The saga continues between Huawei and the US as European allies defy Donald Trump’s administration plea to ban the Chinese firm from 5G networks.
Despite efforts by the US State Department to convince European allies to ban Huawei from being included in the rollout of 5G technologies, nations including the UK, Italy and Germany are not taking any notice.
The US alleges that Huawei’s networking equipment could be used for espionage by the Chinese government, with sceptics telling broadcaster CNBC that Huawei would have no choice but to hand over network data to the Chinese government if Beijing asked for it.

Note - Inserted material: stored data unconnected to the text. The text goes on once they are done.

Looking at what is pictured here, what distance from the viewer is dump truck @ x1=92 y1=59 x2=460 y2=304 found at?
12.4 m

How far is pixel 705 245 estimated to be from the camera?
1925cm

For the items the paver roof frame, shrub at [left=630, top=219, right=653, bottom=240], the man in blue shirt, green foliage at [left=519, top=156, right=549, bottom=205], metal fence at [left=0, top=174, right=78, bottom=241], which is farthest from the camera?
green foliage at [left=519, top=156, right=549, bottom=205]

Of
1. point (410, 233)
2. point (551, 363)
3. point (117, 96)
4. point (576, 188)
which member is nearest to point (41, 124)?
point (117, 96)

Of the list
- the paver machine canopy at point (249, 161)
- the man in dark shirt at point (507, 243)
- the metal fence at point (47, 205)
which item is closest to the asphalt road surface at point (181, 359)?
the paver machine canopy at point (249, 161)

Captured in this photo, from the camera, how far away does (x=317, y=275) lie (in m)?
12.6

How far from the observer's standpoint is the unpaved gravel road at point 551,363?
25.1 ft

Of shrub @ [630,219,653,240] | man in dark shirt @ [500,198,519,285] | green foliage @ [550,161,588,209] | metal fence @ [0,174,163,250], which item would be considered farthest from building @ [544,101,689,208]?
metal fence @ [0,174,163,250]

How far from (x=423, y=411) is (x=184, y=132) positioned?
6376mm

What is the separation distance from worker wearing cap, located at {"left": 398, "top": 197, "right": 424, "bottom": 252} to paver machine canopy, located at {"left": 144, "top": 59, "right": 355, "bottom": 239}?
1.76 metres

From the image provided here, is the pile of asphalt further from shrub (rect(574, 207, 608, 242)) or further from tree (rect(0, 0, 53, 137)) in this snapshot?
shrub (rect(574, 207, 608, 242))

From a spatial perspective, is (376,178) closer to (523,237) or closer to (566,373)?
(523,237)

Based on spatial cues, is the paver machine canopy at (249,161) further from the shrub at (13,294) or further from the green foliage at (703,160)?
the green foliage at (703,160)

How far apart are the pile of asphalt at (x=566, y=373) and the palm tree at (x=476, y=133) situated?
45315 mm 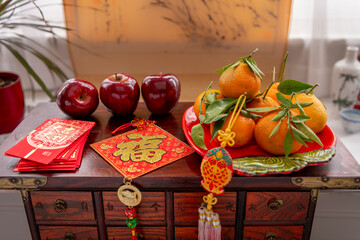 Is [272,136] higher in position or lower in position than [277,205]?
higher

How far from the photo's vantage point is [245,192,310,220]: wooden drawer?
0.74 metres

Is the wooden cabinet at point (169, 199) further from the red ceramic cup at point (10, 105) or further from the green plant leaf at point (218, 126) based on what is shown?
the red ceramic cup at point (10, 105)

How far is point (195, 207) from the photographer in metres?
0.76

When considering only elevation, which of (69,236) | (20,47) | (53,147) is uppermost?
(20,47)

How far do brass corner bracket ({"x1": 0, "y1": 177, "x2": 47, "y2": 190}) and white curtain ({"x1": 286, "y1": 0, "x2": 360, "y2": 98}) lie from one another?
103 cm

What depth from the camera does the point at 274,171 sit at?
0.68 metres

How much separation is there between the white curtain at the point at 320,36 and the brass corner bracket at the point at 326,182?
2.41 ft

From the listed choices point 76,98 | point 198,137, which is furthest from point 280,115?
point 76,98

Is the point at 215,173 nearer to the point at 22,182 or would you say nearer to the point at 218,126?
the point at 218,126

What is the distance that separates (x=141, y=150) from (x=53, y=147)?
0.20m

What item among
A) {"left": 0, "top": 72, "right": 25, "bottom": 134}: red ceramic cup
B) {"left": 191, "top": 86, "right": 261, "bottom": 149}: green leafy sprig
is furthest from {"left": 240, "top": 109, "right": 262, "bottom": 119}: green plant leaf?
{"left": 0, "top": 72, "right": 25, "bottom": 134}: red ceramic cup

The tech giant has repeatedly denied these claims with its Chief Legal Officer, Song Liuping describing the US ban as based on “Numerous false, unproven and untested propositions.”
In fact, in its most aggressive move yet, Huawei has asked a US federal court to overturn part of the National Defence Authorisation Act – one which would force the US to provide evidence – stating that a ban on its products is “unlawful” and will “harm US consumers.”
Last Tuesday, in the midst of the US crusade which turned up the heat on US allies to also ban the Chinese telecommunications firm, Germany’s 5G spectrum auction began.
Instead of banning Huawei outright, German regulators have tightened rules on all network vendors. These such vendors will not bid in the auction but will be key partners in upgrading the network infrastructure.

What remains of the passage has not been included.